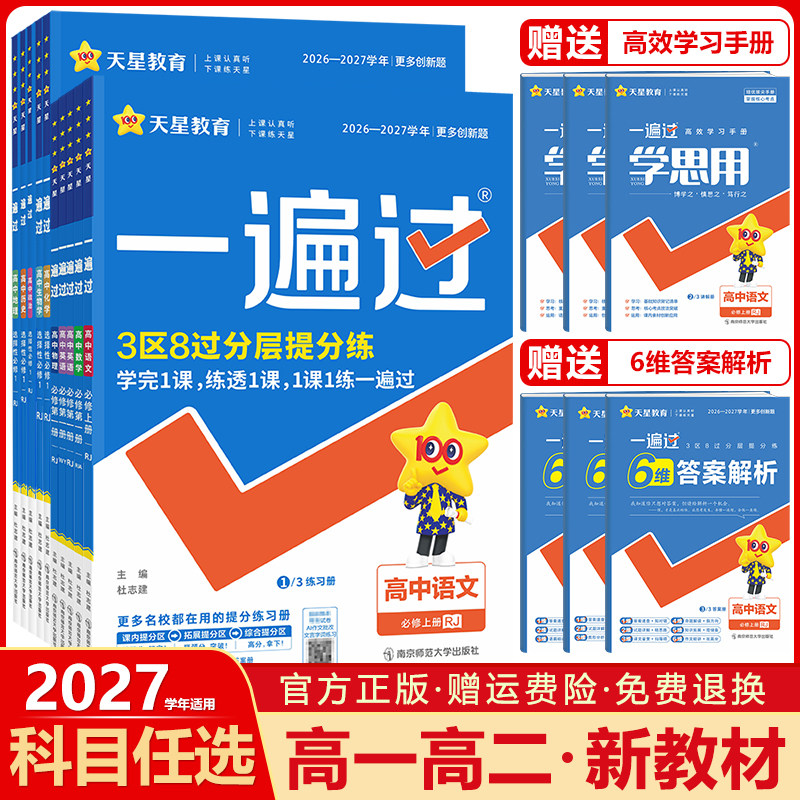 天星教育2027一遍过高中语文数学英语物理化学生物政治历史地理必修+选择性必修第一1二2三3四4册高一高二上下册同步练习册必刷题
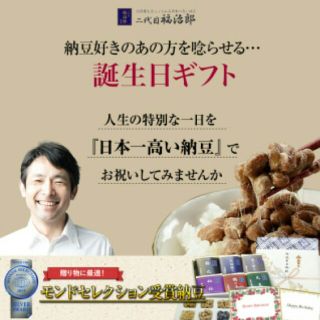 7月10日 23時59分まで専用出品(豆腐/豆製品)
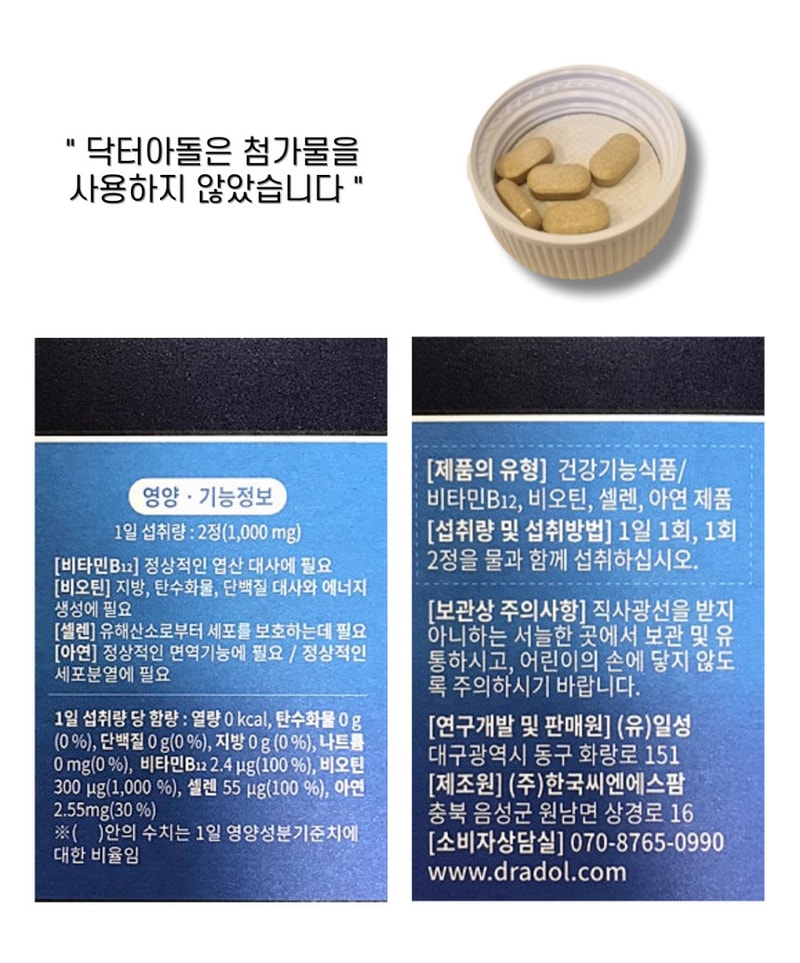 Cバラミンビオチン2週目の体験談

* * *

- Task to complete
Each line of the data is to be duplicated exactly; pictures stay out of the copy.

- Answer to this task
 天星教育2027一遍过高中语文数学英语物理化学生物政治历史地理必修+选择性必修第一1二2三3四4册高一高二上下册同步练习册必刷题
 7月10日 23時59分まで専用出品(豆腐/豆製品)
 Cバラミンビオチン2週目の体験談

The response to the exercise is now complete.